LLMs Are In-Context Reinforcement Learners (2410.05362v1)

Published 7 Oct 2024 in cs.CL, cs.AI, and cs.LG

Abstract: LLMs can learn new tasks through in-context supervised learning (i.e., ICL). This work studies if this ability extends to in-context reinforcement learning (ICRL), where models are not given gold labels in context, but only their past predictions and rewards. We show that a naive application of ICRL fails miserably, and identify the root cause as a fundamental deficiency at exploration, which leads to quick model degeneration. We propose an algorithm to address this deficiency by increasing test-time compute, as well as a compute-bound approximation. We use several challenging classification tasks to empirically show that our ICRL algorithms lead to effective learning from rewards alone, and analyze the characteristics of this ability and our methods.
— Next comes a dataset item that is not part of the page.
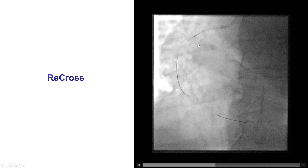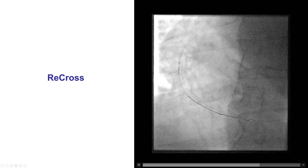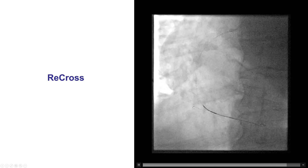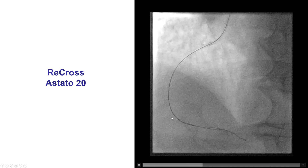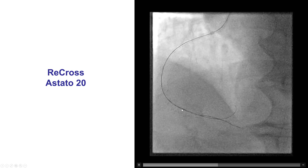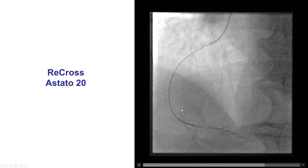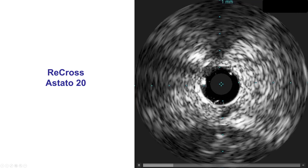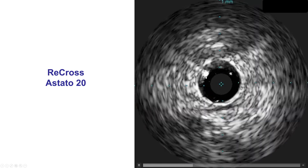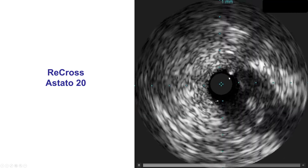We advanced the second guide wire, which went very easily distally in the dissection plane, along with an oval dual-lumen microcatheter, the Recross microcatheter. We then did attempts to reenter into the true lumen using one of the two lumens of the Recross, while aspirating through the other lumen in order to try to re-expand the vessel distally that had been collapsed from the dissection. Unfortunately, we were unable to actually enter the true lumen — we were still in the subintimal space, with the true lumen being compressed on the side of the vessel, as shown by intravascular ultrasound.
Overall, our results reveal remarkable ICRL abilities in LLMs.

PDF HTML Abstract

Analyzing LLMs as In-Context Reinforcement Learners

The paper under review explores the intriguing capacity of LLMs to engage in in-context reinforcement learning (ICRL). This concept extends beyond in-context supervised learning, which involves embedding supervised input-output pairs within an LLM’s context. In ICRL, however, models attempt to learn from interactions that consist of inputs, predictions, and associated rewards, thus aligning the framework with reinforcement learning (RL).

Core Contributions

The authors identify a fundamental challenge in applying LLMs to ICRL: a deficiency in exploration that leads to degeneration of model predictions. They propose stochastic prompt construction and selective use of positive rewards to remedy this. Their methodology shows substantial improvements, suggesting LLMs can indeed learn in-context from rewards.

Methodological Insights

Naive ICRL: This straightforward approach quickly degenerates. The model repeatedly predicts the same output due to the lack of exploratory behavior. This highlights an intrinsic inability of LLMs to navigate the action space without guided exploration.
Explorative ICRL: By introducing stochasticity in prompt composition and filtering episodes to include only those with positive rewards, Explorative ICRL shows significant efficacy. This method increases model performance dramatically across several classification tasks, suggesting that exploration can be effectively introduced through prompt variability.
Approximate ICRL: Aimed at reducing computational overhead, Approximate ICRL maintains multiple potential contexts, updating them stochastically. This allows a trade-off between computational efficiency and learning effectiveness.

Empirical Evaluation

The authors utilize benchmarks such as Banking-77, Clinic-150, and TREC, focusing on the challenges posed by large output spaces and contextual bandits. Results indicate that Explorative ICRL achieves notable performance improvements, narrowing the gap to supervised ICL—particularly in tasks with extensive label spaces.

Key Results

Llama's performance in the Banking-77 task improves from 17.2% to 66.0% accuracy through ICRL.
The approximation approach shows promise, especially with the Llama model, recognizing potential dependencies on model strength and complexity.
Exploration deficiencies and the inability to learn from negative examples are major barriers that the proposed methods address.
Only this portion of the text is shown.